# What is the best way to plow a gravel driveway



## TheKing (Dec 4, 2003)

Hey, can anyone give me tips on how to plow a gravel, oil and chip or QP driveway? I don't wanna tear them up or push the rocks all over. Is haveing feet on the plow the only way?


----------



## Plow Meister (Oct 16, 2001)

The firs time or two will suck since the ground isn't frozen enough. What I do is drop the blade then hit the joystick up for a split second and drive a bit slower. This keeps the plow from riding with it's full weight on the ground. You COULD use the fabled plow shoes but they could leave two small grooves in the gravel.

No matter what, by the end of the year, you will lose a little bit of gravel. Once the ground freezes you can plow just like on concrete or asphalt.


----------



## jeepplow (Sep 23, 2003)

First of all, I am a personal plower, not a contractor. So others may have more experience.

I have a gravel driveway with some rather large (2 inch) stone for a portion of the driveway. I have a Western Pro that I bought shoes for and I simply back drag the snow into the street and then push it into piles back onto my property. When pushing from the road I have to lift the plow a couple inches to avoid rolling the 2 inch stone into my yard. 

Most of my driveway is inclined so I doubt I would be successful trying to push even with the shoes and lifting the blade a few inches. 

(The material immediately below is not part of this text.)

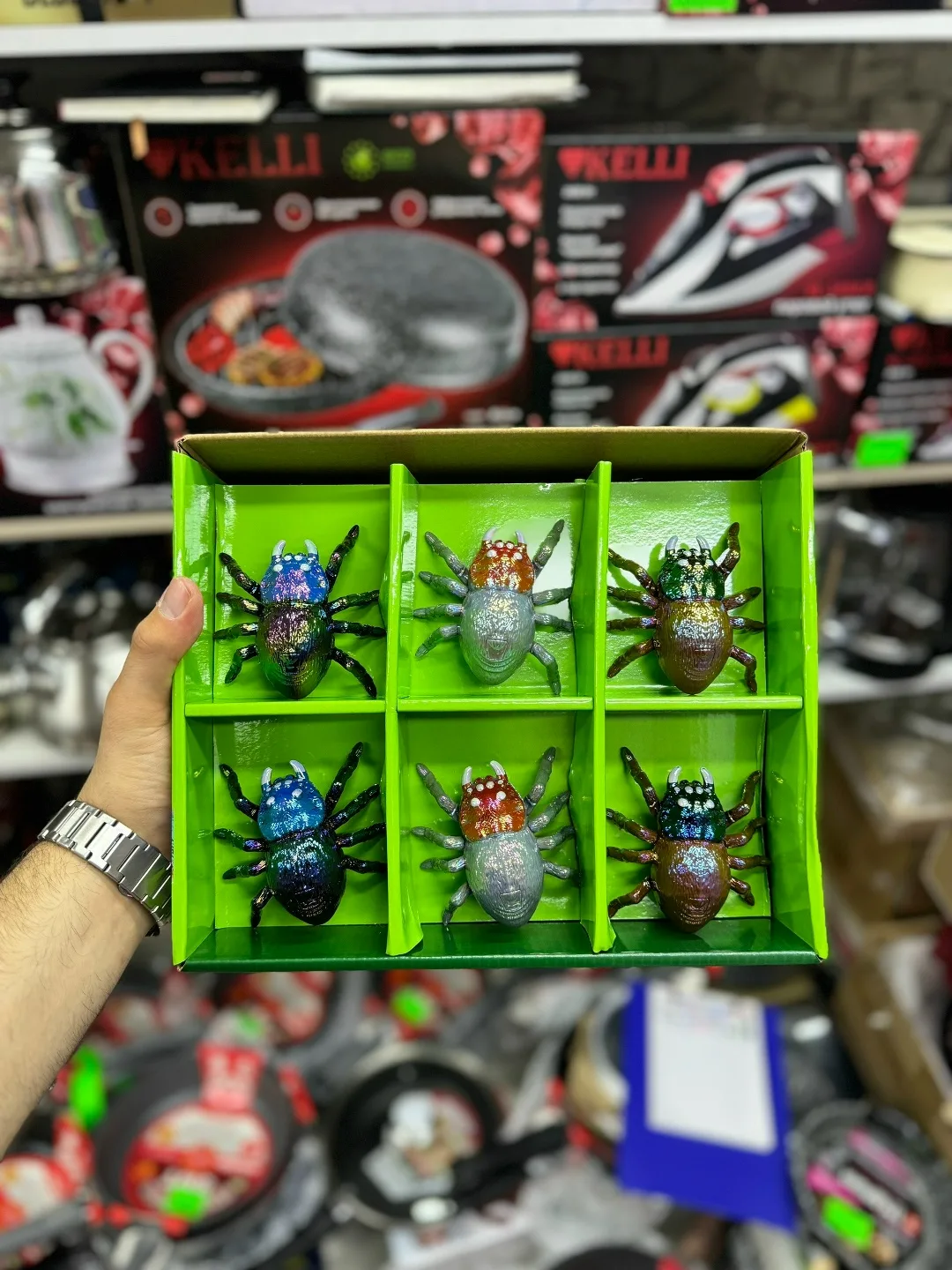 Игрушка Яркие цвета — фото 9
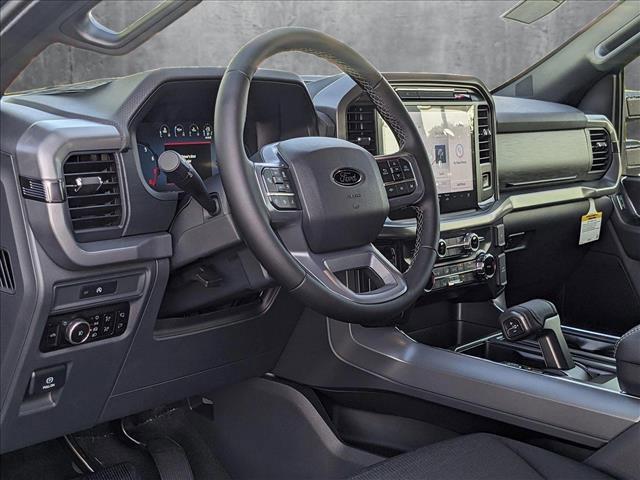 new 2025 Ford F-150 car, priced at $53,295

This works well for me and clears most of the snow off the gravel drive.

Good luck.


----------



## chris k (Nov 5, 2002)

Let someone else do it. Thats the easy way


----------



## easthavenplower (Aug 21, 2003)

you could back drag or just lift the plow


----------



## ilhmt (Aug 15, 2003)

I have a gravel drive. Like easthavenplower said you could either backdrag it or lift the plow. I drop the plow and lift it just enough to pull the front end back down and plow forward with the weight off the blade. It works really well and you can get the hang of it in just a few passes.


----------



## Mick (May 19, 2001)

Put a urethane cutting edge on your steel edge.


----------



## ilhmt (Aug 15, 2003)

Putting a urethane cutting edge is another good idea if you don't mind spending around $300.


----------



## slowpoke (Nov 18, 2003)

On the gravel drives I do I've found backdraging to be the only way to get them done without a lot of heartache. It will leave some snow on the drive, but it's better than trying to lift the blade. The smaller gravel usually will stick to the snow and roll with it. When all else hire a kid with a shovel


----------



## RWK in WI (Mar 29, 2003)

If you are only doing gravel drives you may be interested in what are called "sandguards" copy and paste this link:

http://www.ytmag.com/cgi-bin/viewit.cgi?bd=nboard&th=363231

It may be of interest.


----------



## Crumm (Nov 5, 2003)

I have found that if I just don't plow the first snowfall of the year it works great the rest of the year. The first few inches get packed down and make a great base. I am in interior Alaska where in the spring we still have the first inch of snow that fell in the fall so this may not work in a warmer climate where the base melts. By the way is there such a thing as a driveway that is not gravel my whole neighborhood is gravel including the roads.


----------